[Task details] Begin at the line holding "s11Xs_nPn94-channel-avatar-Hook 【Road trip・POV】" and set down exactly each line through the last one below, omitting pictures. Include nothing else.

──────── Material provided ────────

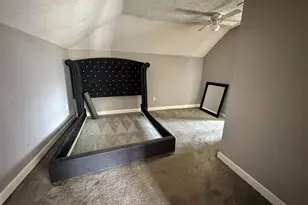 16 Tyrone Ave, New Castle, DE 19720 - Photo 26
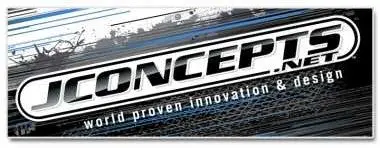 Jco2029 Jconcepts Racing Banner 1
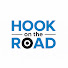 s11Xs_nPn94-channel-avatar-Hook 【Road trip・POV】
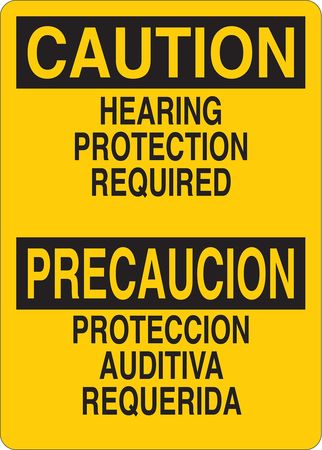 Caution Sign,hearinga,txt,srfc,pl,en/sp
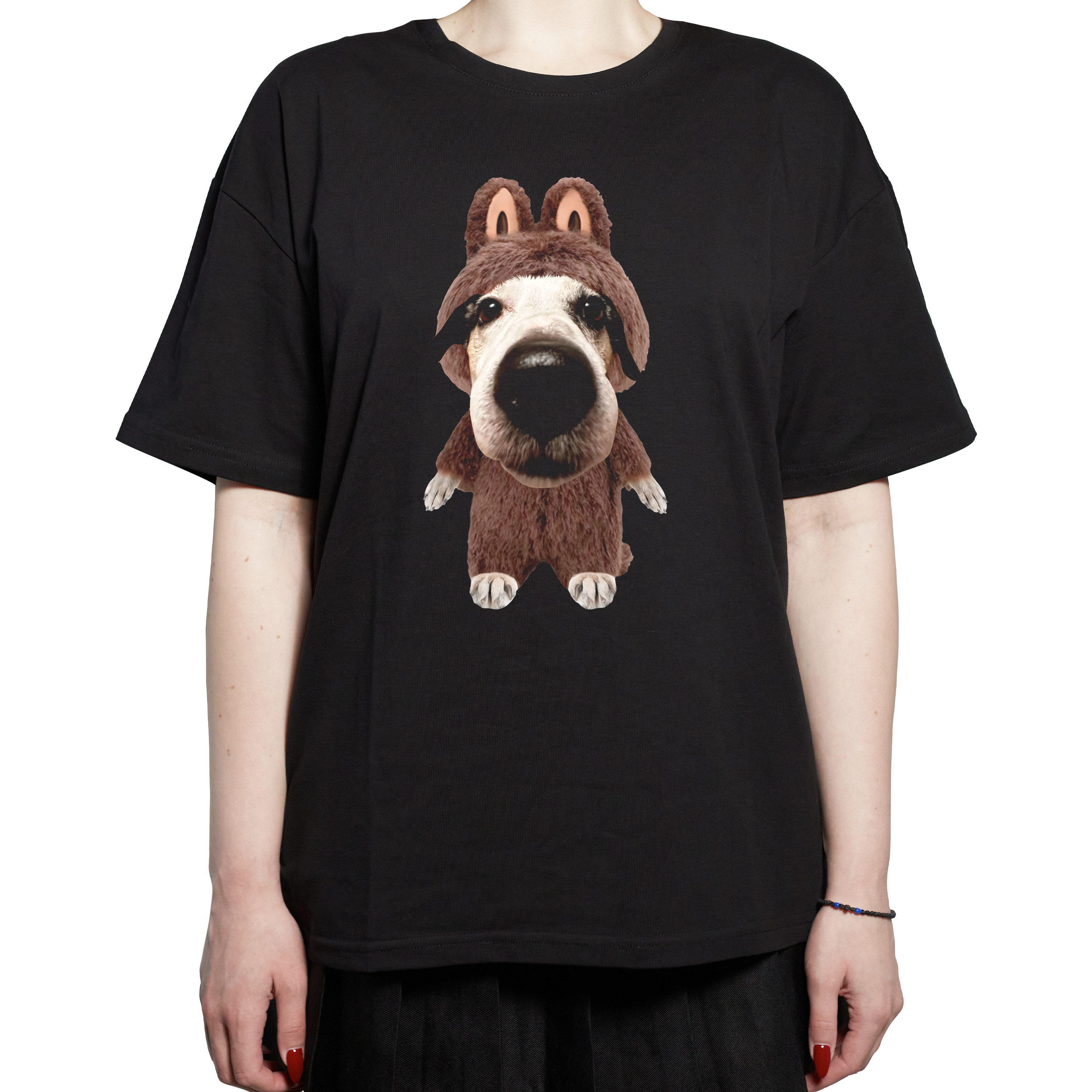 Labublik T-shirt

────────

[Answer to this problem]
 s11Xs_nPn94-channel-avatar-Hook 【Road trip・POV】
 Caution Sign,hearinga,txt,srfc,pl,en/sp
 Labublik T-shirt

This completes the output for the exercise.